The European Union is experiencing its largest influx of migrants and asylum seekers since World War II, with many coming from war-torn countries such as Syria and entitled to international protection.

The arrivals also include Eritrean nationals, most of whom qualify for asylum in Europe due to the eastern African country’s repressive military government.

To help relieve Greece and Italy - the two countries where most people coming to Europe first set foot - member states decided last month to redistribute an overall 160 000 asylum seekers across the EU.

Under this scheme, around 16 Eritrean nationals are to depart on Friday from Rome’s Ciampino airport, according to the European Asylum Support Office.

European Commission spokeswoman Natasha Bertaud later spoke of “around 20 people,” adding that the figure was not yet finalised.

Their asylum claims will be processed in Sweden.

The country was one of the first to pledge spots for asylum seekers under the EU scheme, Bertaud said.

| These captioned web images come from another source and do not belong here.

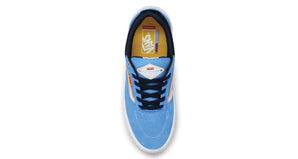 Tenisi Skate Kyle Walker Wafflecup Shoes Skateboarding  Vans
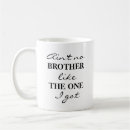 Buscar amor café tazas Para él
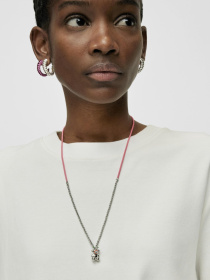 Колье TOUS модель 311792520 Фото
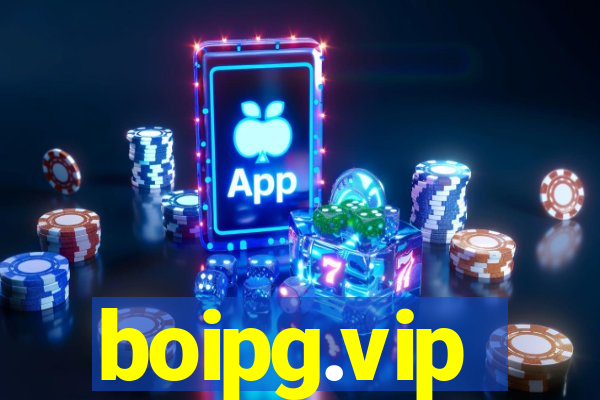 boipg.vip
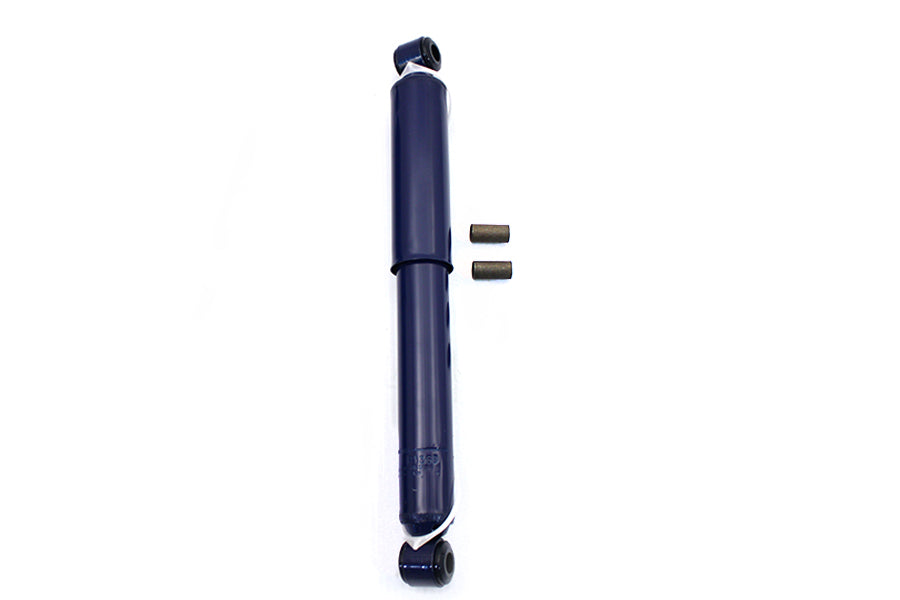 54-1531 - 11-1/2 inch Rear Shock by V-Twin
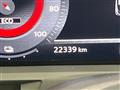 2024 Nissan Nissan Others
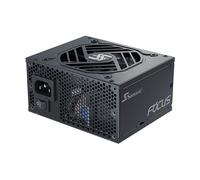 ALIMENTATORE CASE PC SEASONIC FOCUS-SGX-650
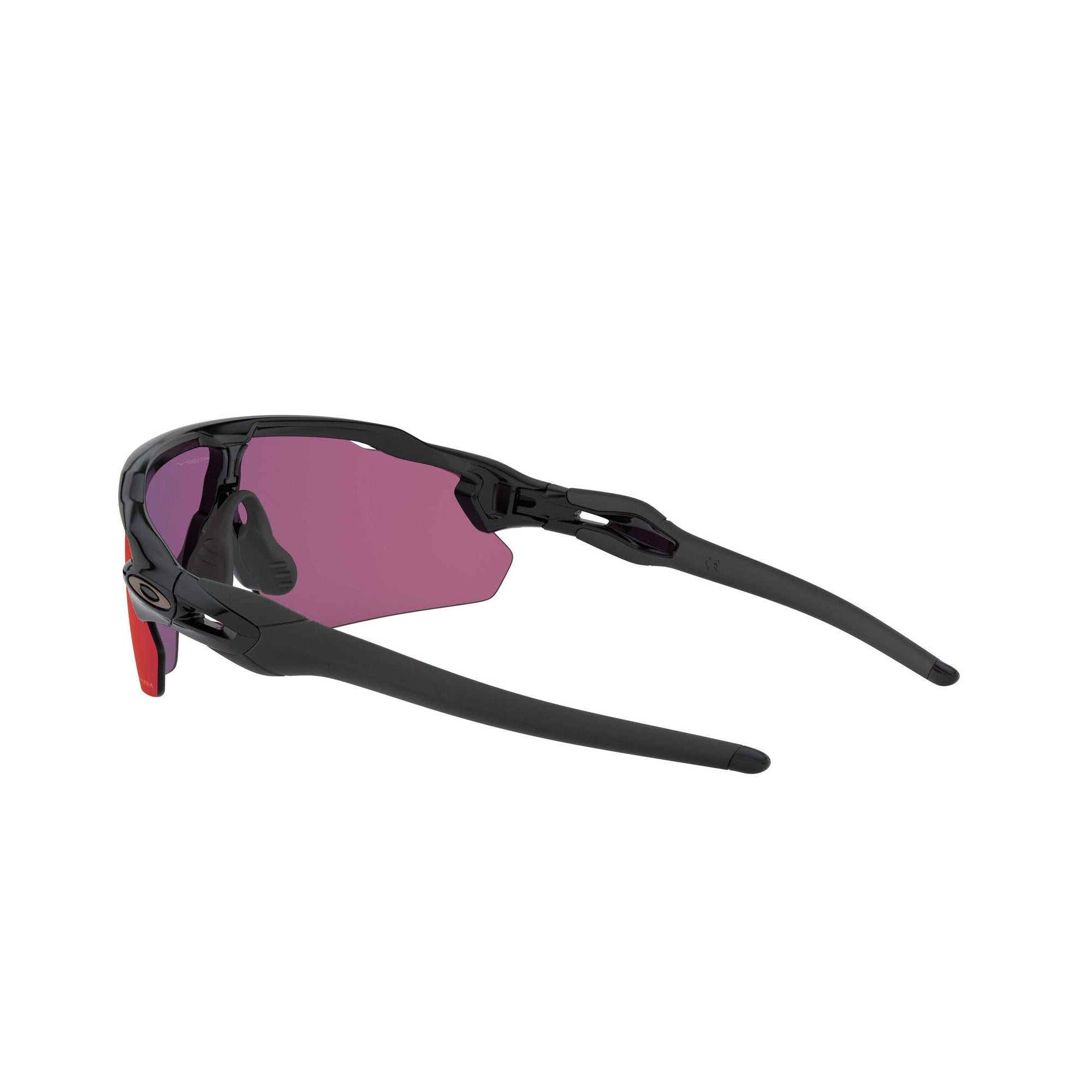 [OO9211-17] Mens Oakley Radar EV Pitch Sunglasses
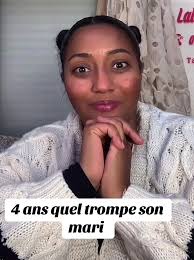 Lalla Loulou Dou Brazil en Direct : Un Épisode Marquant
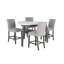 Table de bar JASMINE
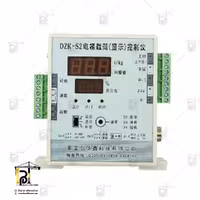 Elevator Load Controller DZK-S2
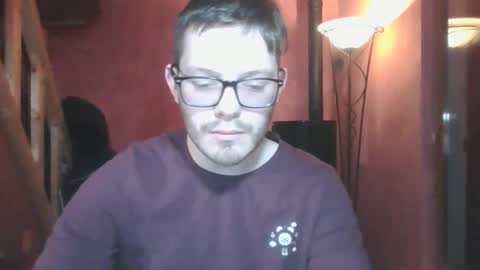 raphaellamane250601 online show from 02/12/26, 09:43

“This is a historic day for Europe,” EU Migration Commissioner Dimitris Avramopoulos said on Thursday.

“The number is not big but … it’s a good start,” he told journalists in Luxembourg, where EU ministers were holding migration talks.

The commissioner is due to meet the group of Eritreans ahead of their departure from Rome, together with Luxembourg Foreign Minister Jean Asselborn, whose country holds the EU’s rotating presidency.

The officials will later travel to the Italian island outpost of Lampedusa to visit a so-called “hotspot,” a beefed-up migrant reception centre designed to register and screen all incoming boat migrants.

As part of the redistribution scheme, the EU has asked Italy and Greece to improve their efforts to identify incoming sea migrants.

The idea is to let people with legitimate grounds for asylum stay in the EU, but to swiftly repatriate economic migrants.

The two countries have been accused of dragging their feet on establishing the hotspot centres.

Asselborn and Avramopoulos are due later Friday to travel to Athens for talks with Greek Prime Minister Alexis Tsipras and local authorities on the roll-out of hotspots in Greece.

The first relocation of asylum seekers from Greece is expected to take place within the next two weeks, Avramopoulos said.

As of Thursday, more than 580 000 people had reached southern Europe by sea this year, according to the International Organisation for Migration.